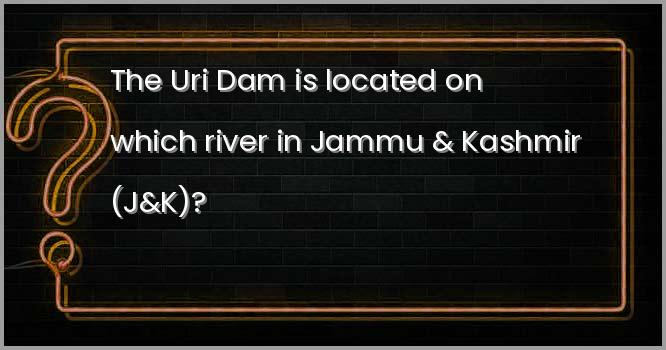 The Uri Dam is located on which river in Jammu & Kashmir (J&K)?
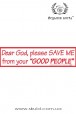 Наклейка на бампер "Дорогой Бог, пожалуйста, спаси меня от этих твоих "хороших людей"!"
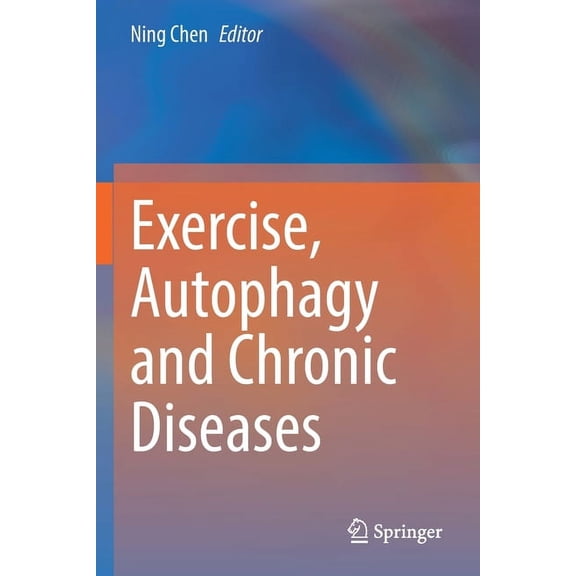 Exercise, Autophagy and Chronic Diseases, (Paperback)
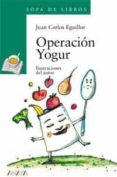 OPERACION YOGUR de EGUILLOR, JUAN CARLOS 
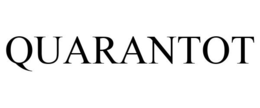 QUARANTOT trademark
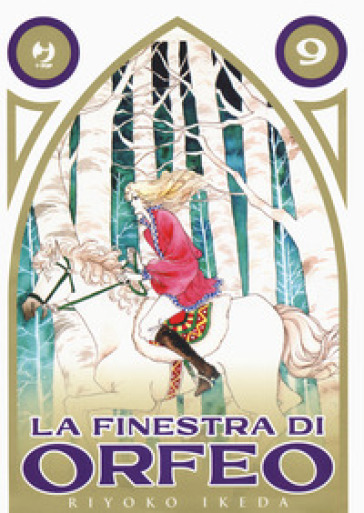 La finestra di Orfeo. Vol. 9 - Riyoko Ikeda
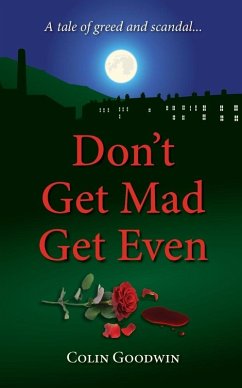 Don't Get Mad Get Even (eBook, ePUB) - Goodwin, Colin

- What you should do
Restate the entries word for word, though any image they contain should not appear.

- Exercise response
 The Uri Dam is located on which river in Jammu & Kashmir (J&K)?
 Наклейка на бампер "Дорогой Бог, пожалуйста, спаси меня от этих твоих "хороших людей"!"
 Exercise, Autophagy and Chronic Diseases, (Paperback)
 OPERACION YOGUR de EGUILLOR, JUAN CARLOS 
 QUARANTOT trademark
 La finestra di Orfeo. Vol. 9 - Riyoko Ikeda
 Don't Get Mad Get Even (eBook, ePUB) - Goodwin, Colin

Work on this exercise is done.